====== Collected material

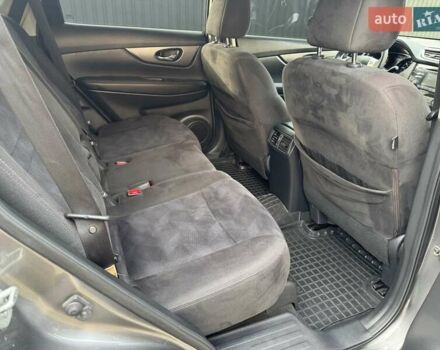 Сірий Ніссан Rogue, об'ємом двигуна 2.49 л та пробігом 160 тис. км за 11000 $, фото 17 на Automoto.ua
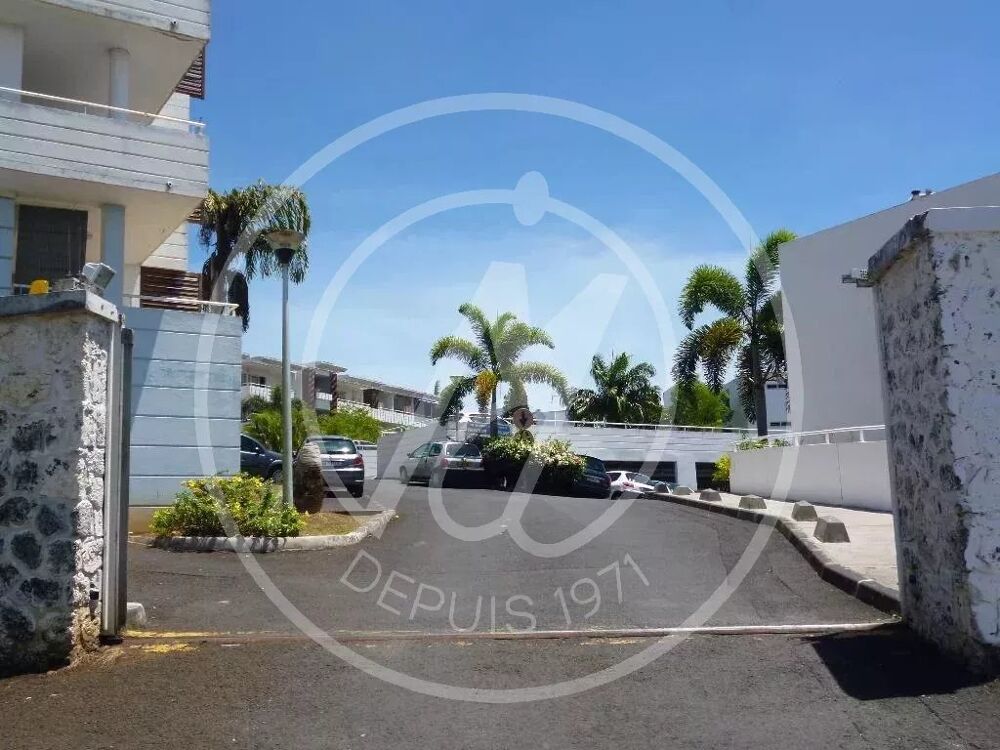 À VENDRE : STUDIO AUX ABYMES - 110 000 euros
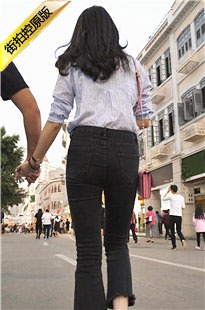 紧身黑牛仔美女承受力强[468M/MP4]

============

**What to work on:** When you copy the listing above, reproduce every line exactly and skip the images.

**Answer for this exercise:**
 Сірий Ніссан Rogue, об'ємом двигуна 2.49 л та пробігом 160 тис. км за 11000 $, фото 17 на Automoto.ua
 À VENDRE : STUDIO AUX ABYMES - 110 000 euros
 紧身黑牛仔美女承受力强[468M/MP4]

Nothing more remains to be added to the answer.